• [Assignment]:
Your answer must be an exact transcription of every record.
--- Excerpted records Enclosed Below ---
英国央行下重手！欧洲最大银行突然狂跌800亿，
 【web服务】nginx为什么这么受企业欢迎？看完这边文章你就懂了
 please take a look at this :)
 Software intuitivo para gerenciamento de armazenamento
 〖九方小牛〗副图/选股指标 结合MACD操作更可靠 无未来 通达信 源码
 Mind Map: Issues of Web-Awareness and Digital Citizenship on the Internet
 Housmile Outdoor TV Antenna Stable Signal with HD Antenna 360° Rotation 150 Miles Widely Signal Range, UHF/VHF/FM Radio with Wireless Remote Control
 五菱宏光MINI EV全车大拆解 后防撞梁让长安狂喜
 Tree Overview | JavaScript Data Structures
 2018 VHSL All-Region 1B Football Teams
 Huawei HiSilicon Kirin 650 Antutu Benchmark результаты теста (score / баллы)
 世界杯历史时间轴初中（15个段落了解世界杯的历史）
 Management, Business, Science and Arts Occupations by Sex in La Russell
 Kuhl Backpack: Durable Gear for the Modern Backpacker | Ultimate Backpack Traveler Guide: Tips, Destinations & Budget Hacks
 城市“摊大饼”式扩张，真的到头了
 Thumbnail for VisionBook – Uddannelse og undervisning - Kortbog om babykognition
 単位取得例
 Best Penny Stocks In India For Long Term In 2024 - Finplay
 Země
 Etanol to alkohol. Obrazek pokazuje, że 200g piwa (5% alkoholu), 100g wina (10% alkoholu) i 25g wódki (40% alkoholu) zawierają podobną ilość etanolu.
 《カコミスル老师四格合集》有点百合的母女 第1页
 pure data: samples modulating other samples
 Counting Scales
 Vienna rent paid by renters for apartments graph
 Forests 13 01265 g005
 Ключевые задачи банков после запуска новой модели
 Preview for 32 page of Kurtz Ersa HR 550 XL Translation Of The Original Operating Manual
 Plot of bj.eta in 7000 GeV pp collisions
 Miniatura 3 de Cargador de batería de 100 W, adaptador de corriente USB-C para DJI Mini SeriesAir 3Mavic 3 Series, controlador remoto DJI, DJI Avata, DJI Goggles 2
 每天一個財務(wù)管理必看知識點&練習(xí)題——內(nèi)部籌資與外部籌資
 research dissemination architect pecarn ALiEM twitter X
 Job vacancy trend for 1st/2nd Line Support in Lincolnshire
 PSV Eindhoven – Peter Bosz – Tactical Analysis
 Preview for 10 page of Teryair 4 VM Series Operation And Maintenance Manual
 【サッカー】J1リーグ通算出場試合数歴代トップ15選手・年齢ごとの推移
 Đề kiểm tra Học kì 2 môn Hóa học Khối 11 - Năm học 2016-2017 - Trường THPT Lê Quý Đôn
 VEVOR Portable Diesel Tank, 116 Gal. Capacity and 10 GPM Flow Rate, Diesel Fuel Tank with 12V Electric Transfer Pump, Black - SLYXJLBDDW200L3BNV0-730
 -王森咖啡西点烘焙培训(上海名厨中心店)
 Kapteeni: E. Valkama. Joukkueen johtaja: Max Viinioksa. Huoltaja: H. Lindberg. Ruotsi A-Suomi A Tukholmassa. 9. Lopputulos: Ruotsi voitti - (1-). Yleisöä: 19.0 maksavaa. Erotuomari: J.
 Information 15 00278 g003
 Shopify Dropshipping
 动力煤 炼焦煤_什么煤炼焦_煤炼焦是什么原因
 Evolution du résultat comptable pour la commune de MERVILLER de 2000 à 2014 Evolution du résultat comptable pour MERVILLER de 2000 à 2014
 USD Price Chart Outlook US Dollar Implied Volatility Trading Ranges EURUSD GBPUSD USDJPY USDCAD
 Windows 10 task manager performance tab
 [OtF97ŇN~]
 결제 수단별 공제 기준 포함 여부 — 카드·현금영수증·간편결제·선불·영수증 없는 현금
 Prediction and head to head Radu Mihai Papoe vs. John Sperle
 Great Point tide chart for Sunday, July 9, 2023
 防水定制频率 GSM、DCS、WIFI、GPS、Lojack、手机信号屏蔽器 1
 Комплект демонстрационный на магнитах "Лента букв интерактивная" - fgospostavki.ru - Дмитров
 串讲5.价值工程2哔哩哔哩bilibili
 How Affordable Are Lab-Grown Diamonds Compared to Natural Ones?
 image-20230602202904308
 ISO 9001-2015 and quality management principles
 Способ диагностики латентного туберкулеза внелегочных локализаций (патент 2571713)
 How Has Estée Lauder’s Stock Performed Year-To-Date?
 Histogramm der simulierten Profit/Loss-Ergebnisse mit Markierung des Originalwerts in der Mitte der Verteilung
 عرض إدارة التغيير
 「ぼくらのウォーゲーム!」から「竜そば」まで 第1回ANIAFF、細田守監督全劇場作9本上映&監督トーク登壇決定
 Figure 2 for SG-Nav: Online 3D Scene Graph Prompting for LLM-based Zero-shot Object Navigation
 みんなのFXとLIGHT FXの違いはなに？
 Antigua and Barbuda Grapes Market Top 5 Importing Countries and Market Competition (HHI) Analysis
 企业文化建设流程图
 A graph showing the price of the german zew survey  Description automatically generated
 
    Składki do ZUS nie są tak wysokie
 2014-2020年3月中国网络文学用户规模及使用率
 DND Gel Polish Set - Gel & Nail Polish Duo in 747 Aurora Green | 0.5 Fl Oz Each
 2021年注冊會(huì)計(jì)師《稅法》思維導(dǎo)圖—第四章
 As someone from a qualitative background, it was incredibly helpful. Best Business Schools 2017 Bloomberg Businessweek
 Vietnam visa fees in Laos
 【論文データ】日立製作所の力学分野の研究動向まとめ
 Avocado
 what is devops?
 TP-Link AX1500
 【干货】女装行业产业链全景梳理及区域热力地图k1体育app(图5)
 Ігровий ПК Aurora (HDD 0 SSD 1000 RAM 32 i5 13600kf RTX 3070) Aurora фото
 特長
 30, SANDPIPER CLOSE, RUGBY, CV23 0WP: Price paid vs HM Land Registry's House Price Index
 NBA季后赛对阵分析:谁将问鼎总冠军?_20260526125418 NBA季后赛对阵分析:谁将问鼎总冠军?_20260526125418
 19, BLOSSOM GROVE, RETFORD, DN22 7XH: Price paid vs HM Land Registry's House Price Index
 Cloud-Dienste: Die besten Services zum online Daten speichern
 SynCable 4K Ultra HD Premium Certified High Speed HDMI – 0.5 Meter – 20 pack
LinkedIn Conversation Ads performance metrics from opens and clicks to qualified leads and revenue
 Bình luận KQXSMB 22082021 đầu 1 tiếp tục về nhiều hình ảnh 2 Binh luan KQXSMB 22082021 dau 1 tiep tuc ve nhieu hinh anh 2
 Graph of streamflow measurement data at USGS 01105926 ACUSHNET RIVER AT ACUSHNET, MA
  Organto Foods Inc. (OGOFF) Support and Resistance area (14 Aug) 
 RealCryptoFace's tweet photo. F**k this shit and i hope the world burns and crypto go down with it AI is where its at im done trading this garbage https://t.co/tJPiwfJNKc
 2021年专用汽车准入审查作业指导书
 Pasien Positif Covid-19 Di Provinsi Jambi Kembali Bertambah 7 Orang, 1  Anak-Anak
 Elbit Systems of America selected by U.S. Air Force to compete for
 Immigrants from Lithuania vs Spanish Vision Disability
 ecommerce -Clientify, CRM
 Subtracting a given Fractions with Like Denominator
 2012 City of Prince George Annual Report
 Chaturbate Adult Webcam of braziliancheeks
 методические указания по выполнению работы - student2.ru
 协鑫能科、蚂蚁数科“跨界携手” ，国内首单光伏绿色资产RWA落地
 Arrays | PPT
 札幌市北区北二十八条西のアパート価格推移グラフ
--- End of Enclosed Excerpted records ---
• [Exercise result]:
英国央行下重手！欧洲最大银行突然狂跌800亿，
 【web服务】nginx为什么这么受企业欢迎？看完这边文章你就懂了
 please take a look at this :)
 Software intuitivo para gerenciamento de armazenamento
 〖九方小牛〗副图/选股指标 结合MACD操作更可靠 无未来 通达信 源码
 Mind Map: Issues of Web-Awareness and Digital Citizenship on the Internet
 Housmile Outdoor TV Antenna Stable Signal with HD Antenna 360° Rotation 150 Miles Widely Signal Range, UHF/VHF/FM Radio with Wireless Remote Control
 五菱宏光MINI EV全车大拆解 后防撞梁让长安狂喜
 Tree Overview | JavaScript Data Structures
 2018 VHSL All-Region 1B Football Teams
 Huawei HiSilicon Kirin 650 Antutu Benchmark результаты теста (score / баллы)
 世界杯历史时间轴初中（15个段落了解世界杯的历史）
 Management, Business, Science and Arts Occupations by Sex in La Russell
 Kuhl Backpack: Durable Gear for the Modern Backpacker | Ultimate Backpack Traveler Guide: Tips, Destinations & Budget Hacks
 城市“摊大饼”式扩张，真的到头了
 Thumbnail for VisionBook – Uddannelse og undervisning - Kortbog om babykognition
 単位取得例
 Best Penny Stocks In India For Long Term In 2024 - Finplay
 Země
 Etanol to alkohol. Obrazek pokazuje, że 200g piwa (5% alkoholu), 100g wina (10% alkoholu) i 25g wódki (40% alkoholu) zawierają podobną ilość etanolu.
 《カコミスル老师四格合集》有点百合的母女 第1页
 pure data: samples modulating other samples
 Counting Scales
 Vienna rent paid by renters for apartments graph
 Forests 13 01265 g005
 Ключевые задачи банков после запуска новой модели
 Preview for 32 page of Kurtz Ersa HR 550 XL Translation Of The Original Operating Manual
 Plot of bj.eta in 7000 GeV pp collisions
 Miniatura 3 de Cargador de batería de 100 W, adaptador de corriente USB-C para DJI Mini SeriesAir 3Mavic 3 Series, controlador remoto DJI, DJI Avata, DJI Goggles 2
 每天一個財務(wù)管理必看知識點&練習(xí)題——內(nèi)部籌資與外部籌資
 research dissemination architect pecarn ALiEM twitter X
 Job vacancy trend for 1st/2nd Line Support in Lincolnshire
 PSV Eindhoven – Peter Bosz – Tactical Analysis
 Preview for 10 page of Teryair 4 VM Series Operation And Maintenance Manual
 【サッカー】J1リーグ通算出場試合数歴代トップ15選手・年齢ごとの推移
 Đề kiểm tra Học kì 2 môn Hóa học Khối 11 - Năm học 2016-2017 - Trường THPT Lê Quý Đôn
 VEVOR Portable Diesel Tank, 116 Gal. Capacity and 10 GPM Flow Rate, Diesel Fuel Tank with 12V Electric Transfer Pump, Black - SLYXJLBDDW200L3BNV0-730
 -王森咖啡西点烘焙培训(上海名厨中心店)
 Kapteeni: E. Valkama. Joukkueen johtaja: Max Viinioksa. Huoltaja: H. Lindberg. Ruotsi A-Suomi A Tukholmassa. 9. Lopputulos: Ruotsi voitti - (1-). Yleisöä: 19.0 maksavaa. Erotuomari: J.
 Information 15 00278 g003
 Shopify Dropshipping
 动力煤 炼焦煤_什么煤炼焦_煤炼焦是什么原因
 Evolution du résultat comptable pour la commune de MERVILLER de 2000 à 2014 Evolution du résultat comptable pour MERVILLER de 2000 à 2014
 USD Price Chart Outlook US Dollar Implied Volatility Trading Ranges EURUSD GBPUSD USDJPY USDCAD
 Windows 10 task manager performance tab
 [OtF97ŇN~]
 결제 수단별 공제 기준 포함 여부 — 카드·현금영수증·간편결제·선불·영수증 없는 현금
 Prediction and head to head Radu Mihai Papoe vs. John Sperle
 Great Point tide chart for Sunday, July 9, 2023
 防水定制频率 GSM、DCS、WIFI、GPS、Lojack、手机信号屏蔽器 1
 Комплект демонстрационный на магнитах "Лента букв интерактивная" - fgospostavki.ru - Дмитров
 串讲5.价值工程2哔哩哔哩bilibili
 How Affordable Are Lab-Grown Diamonds Compared to Natural Ones?
 image-20230602202904308
 ISO 9001-2015 and quality management principles
 Способ диагностики латентного туберкулеза внелегочных локализаций (патент 2571713)
 How Has Estée Lauder’s Stock Performed Year-To-Date?
 Histogramm der simulierten Profit/Loss-Ergebnisse mit Markierung des Originalwerts in der Mitte der Verteilung
 عرض إدارة التغيير
 「ぼくらのウォーゲーム!」から「竜そば」まで 第1回ANIAFF、細田守監督全劇場作9本上映&監督トーク登壇決定
 Figure 2 for SG-Nav: Online 3D Scene Graph Prompting for LLM-based Zero-shot Object Navigation
 みんなのFXとLIGHT FXの違いはなに？
 Antigua and Barbuda Grapes Market Top 5 Importing Countries and Market Competition (HHI) Analysis
 企业文化建设流程图
 A graph showing the price of the german zew survey  Description automatically generated
 
    Składki do ZUS nie są tak wysokie
 2014-2020年3月中国网络文学用户规模及使用率
 DND Gel Polish Set - Gel & Nail Polish Duo in 747 Aurora Green | 0.5 Fl Oz Each
 2021年注冊會(huì)計(jì)師《稅法》思維導(dǎo)圖—第四章
 As someone from a qualitative background, it was incredibly helpful. Best Business Schools 2017 Bloomberg Businessweek
 Vietnam visa fees in Laos
 【論文データ】日立製作所の力学分野の研究動向まとめ
 Avocado
 what is devops?
 TP-Link AX1500
 【干货】女装行业产业链全景梳理及区域热力地图k1体育app(图5)
 Ігровий ПК Aurora (HDD 0 SSD 1000 RAM 32 i5 13600kf RTX 3070) Aurora фото
 特長
 30, SANDPIPER CLOSE, RUGBY, CV23 0WP: Price paid vs HM Land Registry's House Price Index
 NBA季后赛对阵分析:谁将问鼎总冠军?_20260526125418 NBA季后赛对阵分析:谁将问鼎总冠军?_20260526125418
 19, BLOSSOM GROVE, RETFORD, DN22 7XH: Price paid vs HM Land Registry's House Price Index
 Cloud-Dienste: Die besten Services zum online Daten speichern
 SynCable 4K Ultra HD Premium Certified High Speed HDMI – 0.5 Meter – 20 pack
LinkedIn Conversation Ads performance metrics from opens and clicks to qualified leads and revenue
 Bình luận KQXSMB 22082021 đầu 1 tiếp tục về nhiều hình ảnh 2 Binh luan KQXSMB 22082021 dau 1 tiep tuc ve nhieu hinh anh 2
 Graph of streamflow measurement data at USGS 01105926 ACUSHNET RIVER AT ACUSHNET, MA
  Organto Foods Inc. (OGOFF) Support and Resistance area (14 Aug) 
 RealCryptoFace's tweet photo. F**k this shit and i hope the world burns and crypto go down with it AI is where its at im done trading this garbage https://t.co/tJPiwfJNKc
 2021年专用汽车准入审查作业指导书
 Pasien Positif Covid-19 Di Provinsi Jambi Kembali Bertambah 7 Orang, 1  Anak-Anak
 Elbit Systems of America selected by U.S. Air Force to compete for
 Immigrants from Lithuania vs Spanish Vision Disability
 ecommerce -Clientify, CRM
 Subtracting a given Fractions with Like Denominator
 2012 City of Prince George Annual Report
 Chaturbate Adult Webcam of braziliancheeks
 методические указания по выполнению работы - student2.ru
 协鑫能科、蚂蚁数科“跨界携手” ，国内首单光伏绿色资产RWA落地
 Arrays | PPT
 札幌市北区北二十八条西のアパート価格推移グラフ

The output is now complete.